Oil ring movement and circumferential speed also are affected by immersion in the lubricant and lubricant viscosity. Typical immersions are shown in Figure 6, but recommendations might vary by pump sizes. Quite obviously, a more deeply immersed oil ring, or oil rings contacting an excessively viscous lubricant, won’t perform as intended. Also, for good tracking and consistent motion, oil rings must be concentric within 0.002 in. (0.05 mm).
Instead of reinstalling new slinger rings in a bearing housing where “T” (temperature) and “RE” (ring wear debris) have gone out of range, reliability-focused users will upgrade to flinger discs (Figure 7). Because flinger discs are secured to the shaft, they aren’t subject to the compounded influences of horizontality, viscosity, immersion and concentricity. They’re a vast improvement over oil rings and are available in many domestic and European pump models.
Figure 7: Viton Elastomer Flinger Disc That Avoids The Problems Incurred With Slinger Rings (Source: TRICO Mfg. Corporation, Pewaukee, Wisconsin, www.Tricomfg.com)

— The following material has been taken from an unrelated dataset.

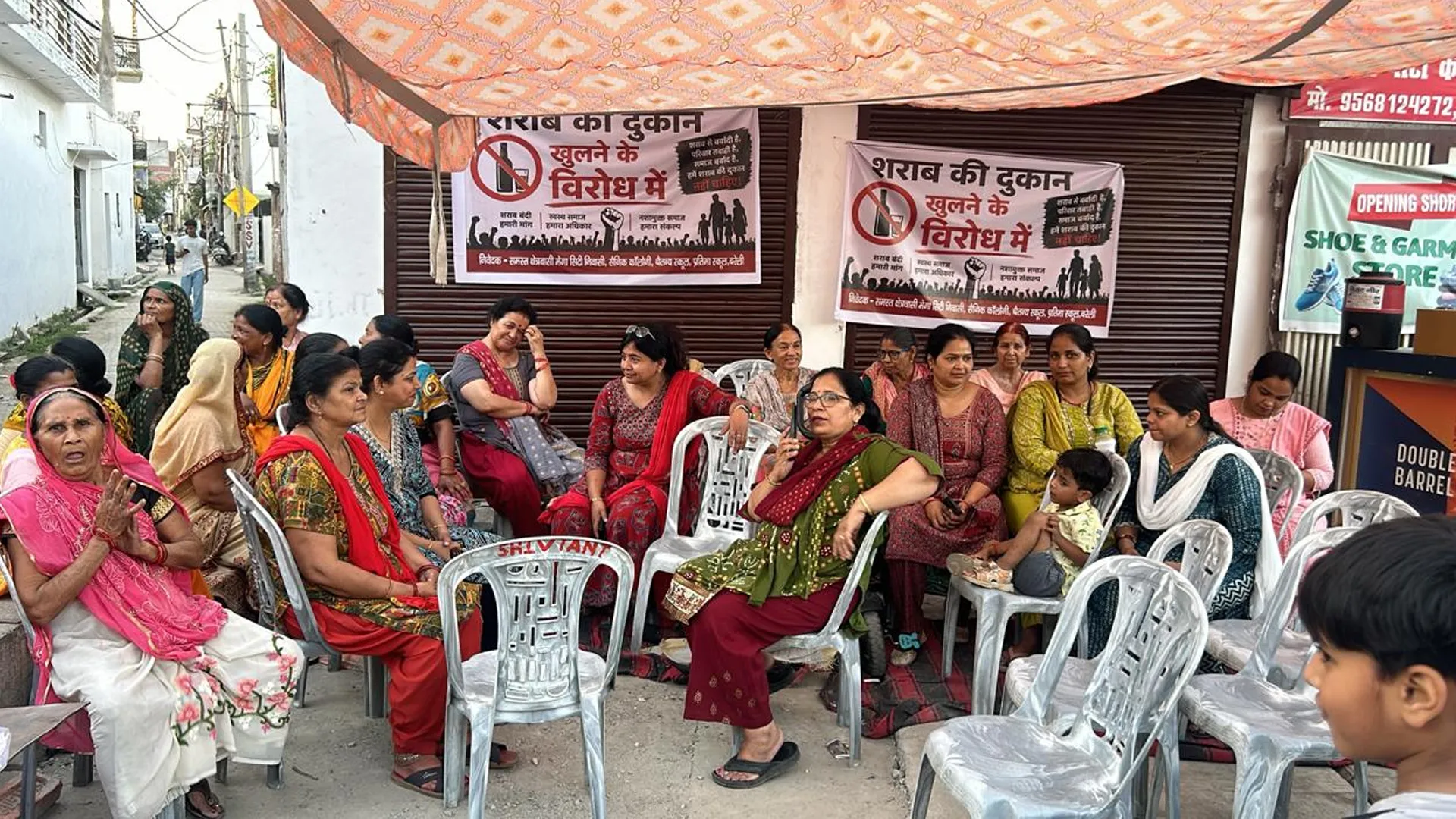 Bareilly : शराब की दुकान किसी हाल में नहीं खुलने देंगे... आंदोलन जारी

Reference 2 contains a page from a 1960s-vintage catalog page issued by a then-prominent U.S. pump manufacturer. The page shows the flinger discs furnished with its pumps and states, rather pointedly, “anti-friction oil thrower ensures positive lubrication and eliminates the problems associated with oil rings.”
Focus your efforts
You can do much to reduce your risk of equipment failure. Well-developed specifications, drawing and document reviews, compliance with uncompromising installation procedures, appropriate operator and mechanical workforce training, and a good combination of preventive and predictive maintenance (periodic condition monitoring) are just a few of the proven ways that come to mind.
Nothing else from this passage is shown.